» **Assignment**:
Your copy should begin with the line containing "mhoje_diamondsmoz_photo_jpg", end with the line containing "Born Bessie in Taupe Distressed", match the listing below exactly, and contain no pictures.

» **Dataset records**:
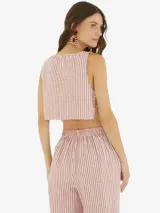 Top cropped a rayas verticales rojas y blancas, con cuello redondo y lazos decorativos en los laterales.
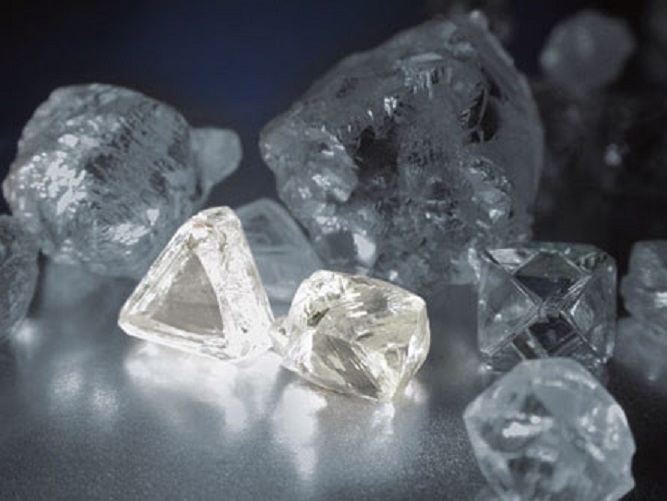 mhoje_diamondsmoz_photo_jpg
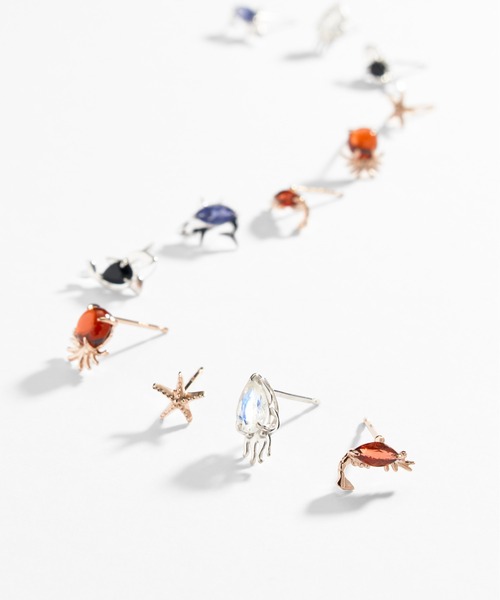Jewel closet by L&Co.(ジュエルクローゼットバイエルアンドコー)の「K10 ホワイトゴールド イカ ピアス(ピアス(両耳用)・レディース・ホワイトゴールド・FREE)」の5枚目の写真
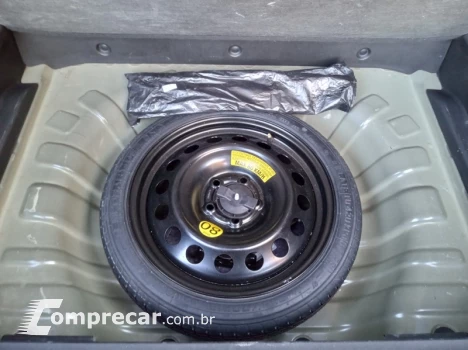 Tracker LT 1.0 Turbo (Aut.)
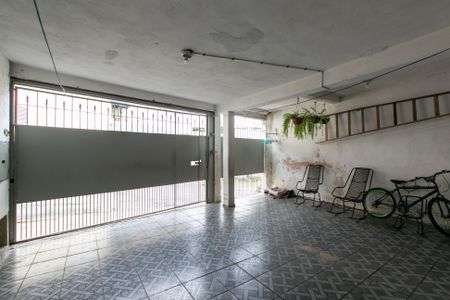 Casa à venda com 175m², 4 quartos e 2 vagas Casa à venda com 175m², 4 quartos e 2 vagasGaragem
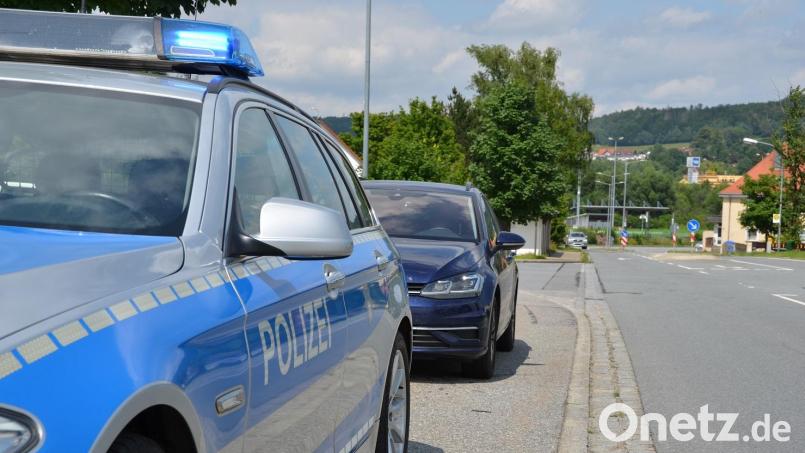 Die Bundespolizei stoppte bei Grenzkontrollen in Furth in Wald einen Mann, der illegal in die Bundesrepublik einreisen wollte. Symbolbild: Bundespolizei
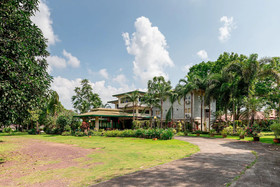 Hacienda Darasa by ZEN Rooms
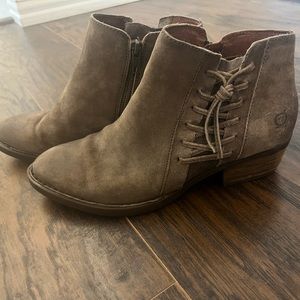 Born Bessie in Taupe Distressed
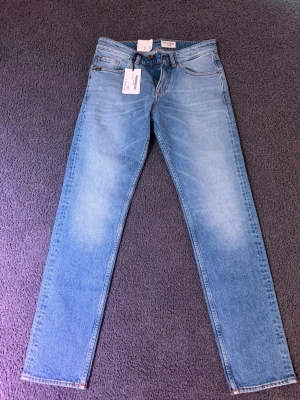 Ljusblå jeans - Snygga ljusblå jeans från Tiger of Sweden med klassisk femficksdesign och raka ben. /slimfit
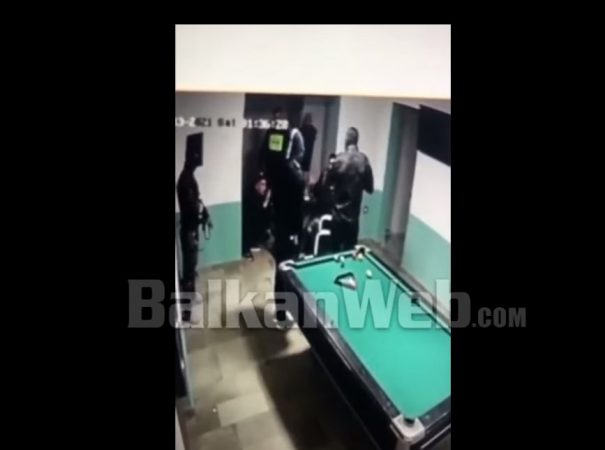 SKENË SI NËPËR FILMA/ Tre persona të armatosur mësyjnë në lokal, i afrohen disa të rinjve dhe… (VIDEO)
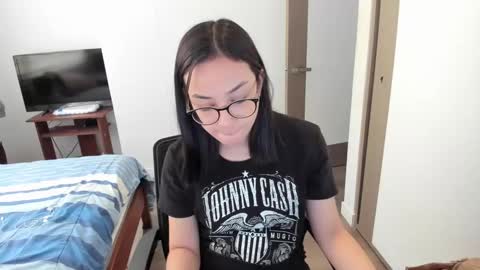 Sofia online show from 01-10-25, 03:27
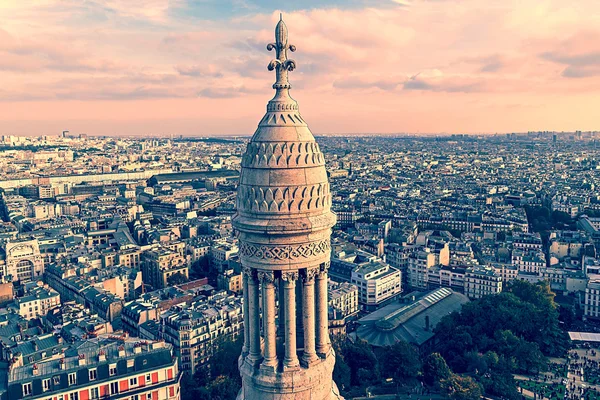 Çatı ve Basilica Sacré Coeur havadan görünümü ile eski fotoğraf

» **Output for this task**:
 mhoje_diamondsmoz_photo_jpg
Jewel closet by L&Co.(ジュエルクローゼットバイエルアンドコー)の「K10 ホワイトゴールド イカ ピアス(ピアス(両耳用)・レディース・ホワイトゴールド・FREE)」の5枚目の写真
 Tracker LT 1.0 Turbo (Aut.)
 Casa à venda com 175m², 4 quartos e 2 vagas Casa à venda com 175m², 4 quartos e 2 vagasGaragem
 Die Bundespolizei stoppte bei Grenzkontrollen in Furth in Wald einen Mann, der illegal in die Bundesrepublik einreisen wollte. Symbolbild: Bundespolizei
 Hacienda Darasa by ZEN Rooms
 Born Bessie in Taupe Distressed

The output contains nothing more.